# Patchwork



## Nemesis (Sep 30, 2012)

One fine day I was home sick and randomly drew a figure that would pop up repeatedly in almost all of my future art endeavors. I called him the Patchwork Man and gave him his own story. 


Mostly done in pen and marker, the first also included water color.


----------



## HKayG (Oct 1, 2012)

I love him - he would look great as a fridge magnet!


----------



## Nemesis (Oct 1, 2012)

I callled the first one "None the Wiser"


----------



## Gumby (Oct 1, 2012)

I think he's adorable.  I could see this as the character in a children's book series.


----------



## Nemesis (Oct 1, 2012)

I wouldn't dare do that, his back story is horrifyling morbid, he'd fit better in an old Grimm fairy tale lol But I do agree I find my little creation cute with his big round eyes and stitched on smile


----------



## Cran (Oct 13, 2012)

Noxicity said:


> I wouldn't dare do that, his back story is horrifyling morbid, he'd fit better in an old Grimm fairy tale lol But I do agree I find my little creation cute with his big round eyes and stitched on smile


That didn't stop the Grimm tales from becoming children's stories.


----------



## Nemesis (Oct 13, 2012)

Yeah but if you read your kid an [original] Grim tale you might get charged with emotional child abuse lol.

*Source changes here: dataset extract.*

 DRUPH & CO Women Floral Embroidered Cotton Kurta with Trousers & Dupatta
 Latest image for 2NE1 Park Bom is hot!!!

Even I was kind of "wtf?" when I read their version of Cinderella, the one where one sister cuts off her heel to fit into the shoe, and the other her toes, and then doves come out and peck the step sisters eyes out while they walk their sister down the aisle. Creepy stuff ^^


----------



## Cran (Oct 13, 2012)

Sure. That's why the 20th Century gave us Walt Disney, and Tim Burton, and Roald Dahl -
to turn the nasty creepy stuff into fun creepy stuff.


----------



## Nemesis (Feb 6, 2013)

I would love to see Tim Burton do a claymation movie with patchwork in it! ^^


----------



## dolphinlee (Feb 20, 2013)

So where is his back story? I for one would like to see it.


----------



## Nemesis (Feb 20, 2013)

If i'm ever i nt he right mood I might do it, his world is based on a series of dreams I had where the angles were all wrong, no doubt inspired by too much lovecraft ^^'


----------



## Gumby (Feb 20, 2013)

That first drawing definitely has an eerie feeling to it, an evil woods kind of thing. His sinister smile only adds to that.


----------



## Terry D (Feb 20, 2013)

Hummmm.... Lie down on my couch, my dear, und tell me about your dreams....


----------



## Nemesis (Feb 20, 2013)

No kidding Terry 

Sometimes when I look at it I think "aw, poor Patchwork doens't know he's about to be eaten by wolves" hence the title "None the Wiser"

but other times, you're right, he does look like the bearer of bad things 0_0 

In my dreams he's played both roles, but I think he might be a metaphor for something, maybe I'll figure it out when I finally get around to writing about it


----------